For the second property, we need some invariants. The intuition is that if some value is chosen, then a majority of accepters have accepted it for some proposal number n. Any proposal sent in an accept message with a higher number n' must be sent by a proposer that has seen an overlapping majority respond to its prepare(n') message. If we consider the process that overlaps, this process must have accepted v before it received prepare(n'), since it can't accept afterwards, and unless it has accepted some other proposal since, it responds with ack(n', v, n). If these are the only values that the proposer receives with number n or greater, it chooses v as its new value.

Worrying about what happens in rounds between n and n' is messy, so we'll use two formal invariants (taken more or less directly from Lamport's paper):

Invariant 1: An accepter accepts a proposal numbered n if and only if it has not responded to a prepare message with a number n' > n.
Invariant 2: For any v and n, if a proposal with value v and number n has been issued (by sending accept messages), then there is a majority of accepters S such that either (a) no accepter in S has accepted any proposal numbered less than n, or (b) v is the value of the highest-numbered proposal among all proposals numbered less than n accepted by at least one accepter in S.

The proof of the first invariant is immediate from the rule for issuing acks.

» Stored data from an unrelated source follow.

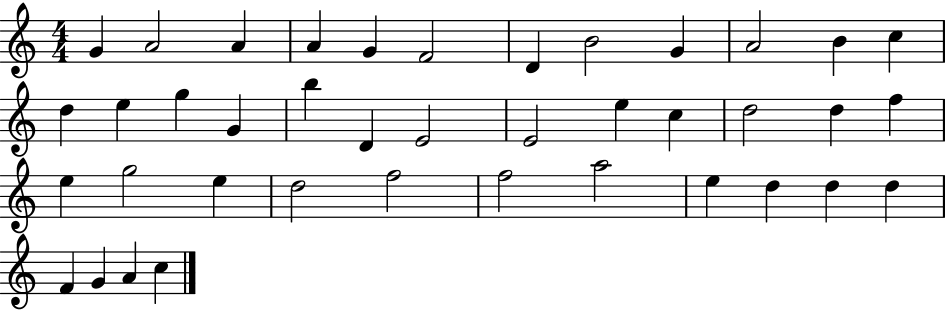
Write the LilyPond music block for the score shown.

{
  \clef treble
  \numericTimeSignature
  \time 4/4
  \key c \major
  g'4 a'2 a'4 | a'4 g'4 f'2 | d'4 b'2 g'4 | a'2 b'4 c''4 | \break d''4 e''4 g''4 g'4 | b''4 d'4 e'2 | e'2 e''4 c''4 | d''2 d''4 f''4 | \break e''4 g''2 e''4 | d''2 f''2 | f''2 a''2 | e''4 d''4 d''4 d''4 | \break f'4 g'4 a'4 c''4 | \bar "|."
}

The proof of the second invariant follows from the first invariant and the proposer's rule for issuing proposals: it can only do so after receiving ack from a majority of accepters—call this set S—and the value it issues is either the proposal's initial value if all responses are ack(n, ⊥, 0), or the maximum value sent in by accepters in S if some responses are ack(n, v, n_v). In the first case we have case (a) of the invariant: nobody accepted any proposals numbered less than n before responding, and they can't afterwards. In the second case we have case (b): the maximum response value is the maximum-numbered accepted value within S at the time of each response, and again no new values numbered < n will be accepted afterwards. Amazingly, none of this depends on the temporal ordering of different proposals or messages: the accepters enforce that their acks are good for all time by refusing to change their mind about earlier rounds later.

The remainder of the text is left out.